During a keynote address, Parse CEO Ilya Sukhar likened the company’s goals to applying for a driver’s license, but not wanting to stand in line at the Department of Motor Vehicles to fill out all of the paperwork.
“You just want to get out there and drive,” he said.
The goal has big implications not just for developers but for Facebook. The social network claims to have more than 1 billion active users, and already lets those people log into certain apps through Facebook, giving the app permission to access their list of friends and other profile information.
But by getting into the business of selling application development tools, Facebook wants to support an even tighter bond between apps and the site.
Simplifying apps developmentTo provide more ways to simplify the app development process, some new products were unveiled by Parse’s Sukhar during Thursday’s event, which drew more than 600 attendees.
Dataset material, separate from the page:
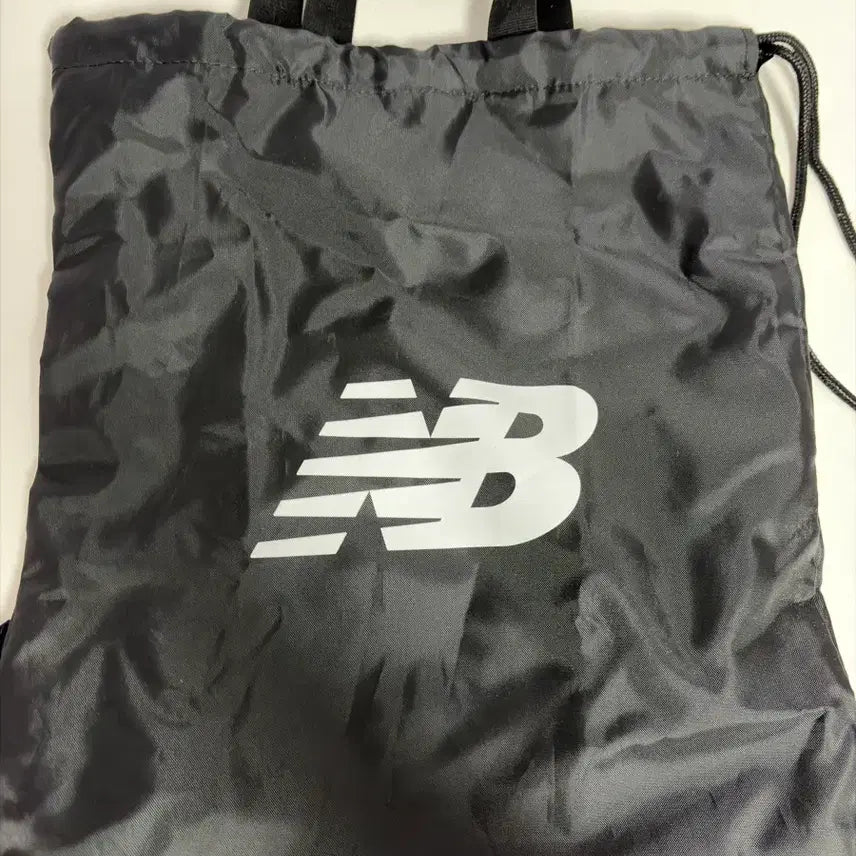[BUNJANG] New Balance Flying Logo String Gym Sack / 뉴발란스 플라잉로고 신발주머니 스트링 짐색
The two biggest new products are Background Jobs and Parse Analytics, he said. Background Jobs is designed to let developers schedule tasks into their apps, such as messages or notifications, by sending simple code to Parse’s servers. Prior to that product’s launch, developers could not run arbitrary code on the company’s servers, Sukhar said.
Parse Analytics, meanwhile, will let developers monitor various activities within their apps to see what’s working and what’s not. With the feature, developers can see, for instance, whether their app has more action on Android or iOS, and whether certain demographics are spending more money within the app than others.
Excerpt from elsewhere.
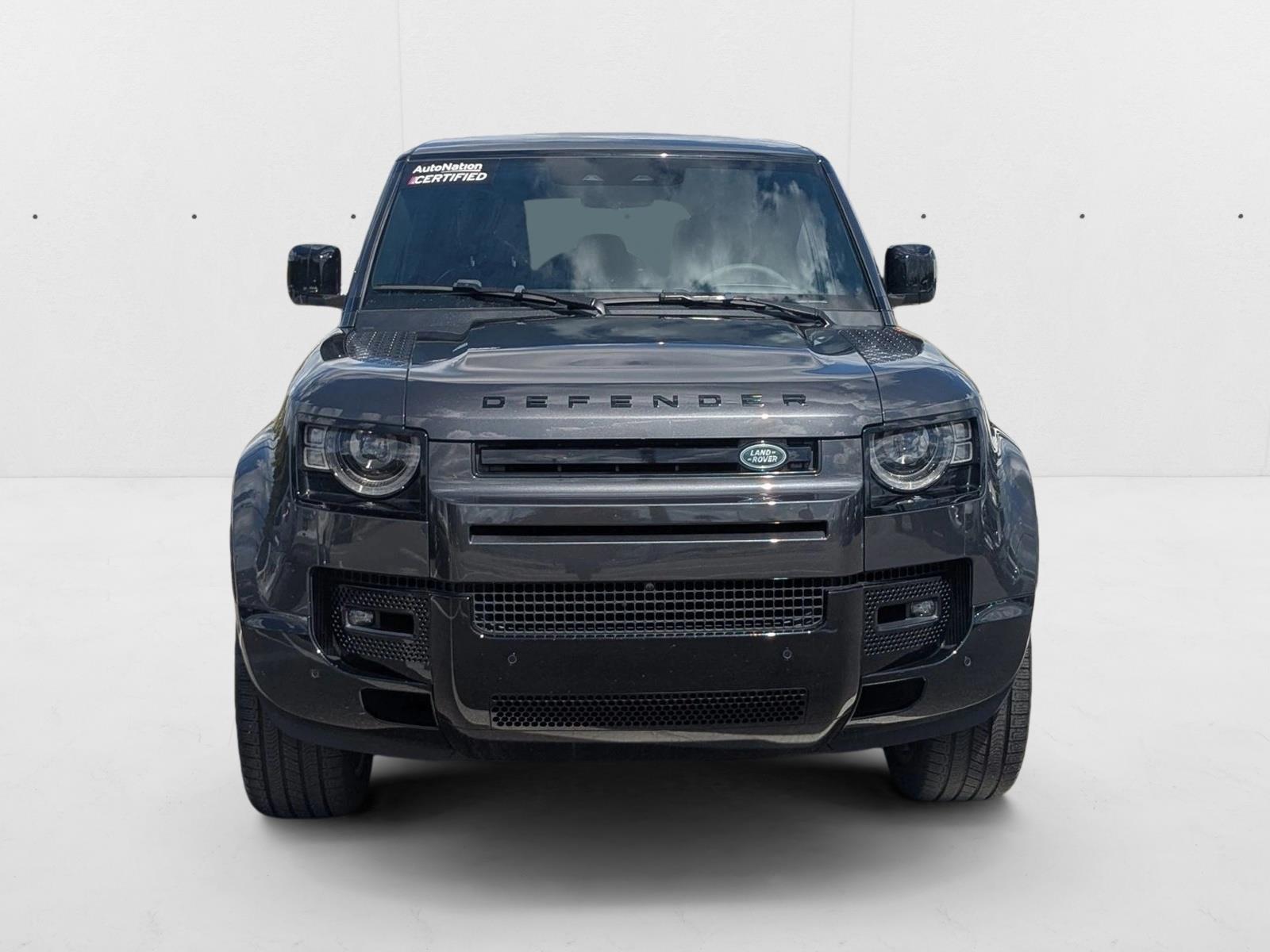 2022 Land Rover Defender V8 photo 2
Developers could use work-arounds to gather some of this data before, Sukhar said, but now they can get it all in one place, visualized on a dashboard.
Parse also announced Thursday a partnership with the Unity gaming development platform, to make it easier for games developers to build their apps on iOS, Android and the Web using Parse.
Some developers have questions about how Parse’s services might continue to change now that the company is owned by Facebook. Andres Le Roux of chúng tôi wondered in an interview at the conference whether there might be tighter synergies between Facebook Platform and Parse in the months to come.
Another looming question is whether Parse will let developers continue to build their apps for Twitter just as easily as they can for Facebook. During a meeting with the media in May following the acquisition, Parse’s Sukhar said that Twitter with Parse would not be going away.
More than 100,000 apps have been built using Parse, Sukhar reported Thursday. The company’s wide range of clients includes Showtime, eBay, Warner Brothers and Zynga.
Competitors in the cloud hosting space include Amazon’s S3 cloud computing storage service, Google’s Cloud Platform and Firebase.
But Parse sees its biggest competitor as people who build apps themselves, Sukhar said in May.